Al-Saleh said a number of developing countries have invested in infrastructure and taken steps to address long-standing problems such as labor and tax rules, investor protections, contract law, property rights, capital restrictions, trade and land-use regulations.
He said risks to emerging markets growth in 2015 will come from falling commodity prices, the cooling Chinese economy, U.S. monetary tightening and Russia’s economic woes.
For 2015, the International Monetary Fund forecasts average growth for the 45 countries featured in the Index at 4.57%.
“The factors driving growth are increases in population, size of the middle class, spending power and urbanization rates, along with steady progress in health, education and poverty reduction,” Al-Saleh said. “That’s why we remain optimistic about emerging markets and continue to see them on an upward trajectory.”
Other Index findings:
- Gulf states UAE, Qatar and Oman, ranked as having the best “market compatibility” – the most ideal business conditions – among the 45 countries in the Index. They were followed by Uruguay, Saudi Arabia and Morocco.

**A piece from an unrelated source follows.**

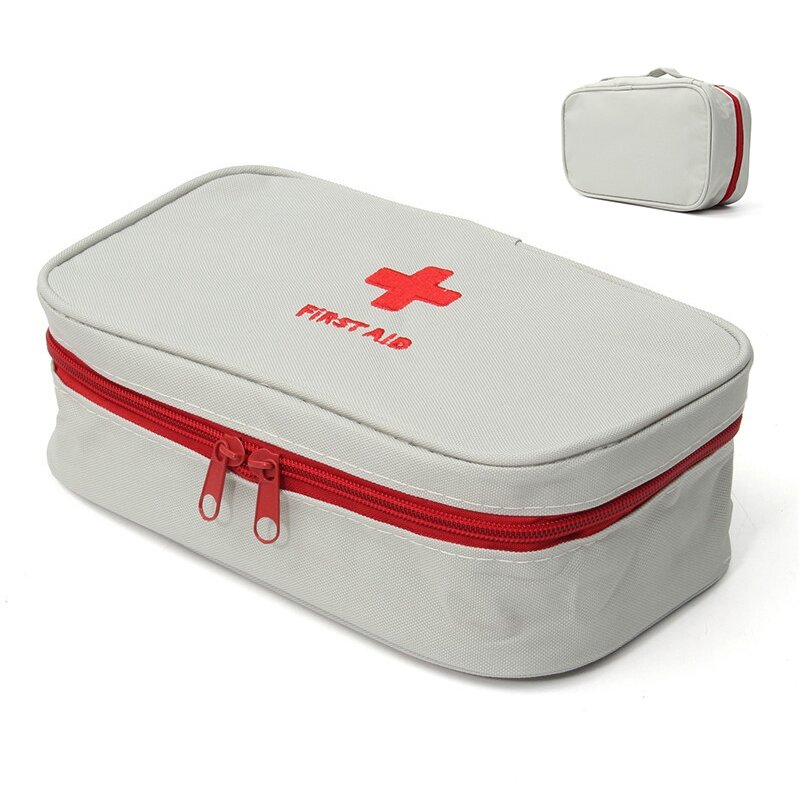 Caja de píldoras grande portátil, Kit de primeros auxilios, bolsa de medicina para el cuidado de la salud, organizador de almacenamiento, contenedor, bolsa de emergencia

- UAE, Malaysia, China, Oman, Saudi Arabia and Chile led in “connectivity,” indicating they have the best infrastructure and transport links.
- The Philippines climbed three spots (to No. 16) in the data portion of the Index – after jumping nine spots in the 2014 Index. The country also improved its standing among supply chain executives surveyed. They pushed the Philippines up five spots (to No. 15) among countries they said will emerge as a major logistics market.
- Russia’s growing economic isolation has damaged its appeal to logistics and supply chain professionals. More than 75% of survey respondents said they were pessimistic about Russia’s prospects.
- India continues to divide logistics and supply chain executives. They ranked India as the No. 2 choice to emerge as a major logistics market and ranked it relatively high -- No. 17 -- among countries least likely to become a major logistics market. In the data portion of the Index, India was leapfrogged in 2014 by Brazil and Saudi Arabia, and it slipped again in the 2015 Index, falling past Indonesia to No. 5. India’s “market compatibility” – a gauge of business conditions – deteriorated, despite optimism about reform under new Prime Minister Narendra Modi.
- The fastest-growing trade lanes linking emerging and developed markets were US-Vietnam (up 42.7% by volume) and Cambodia-EU (up 41.9%) for air cargo; and Ukraine-EU (up 35.8%) and EU-Egypt (up 23.2%) for ocean shipments. But for 2015, trade flows between Asia’s emerging markets and other emerging markets are the ones that had logistics professionals most upbeat in the survey. Survey respondents also identified risks to growth by region and provided views on near-sourcing, e-commerce and other trends affecting emerging markets.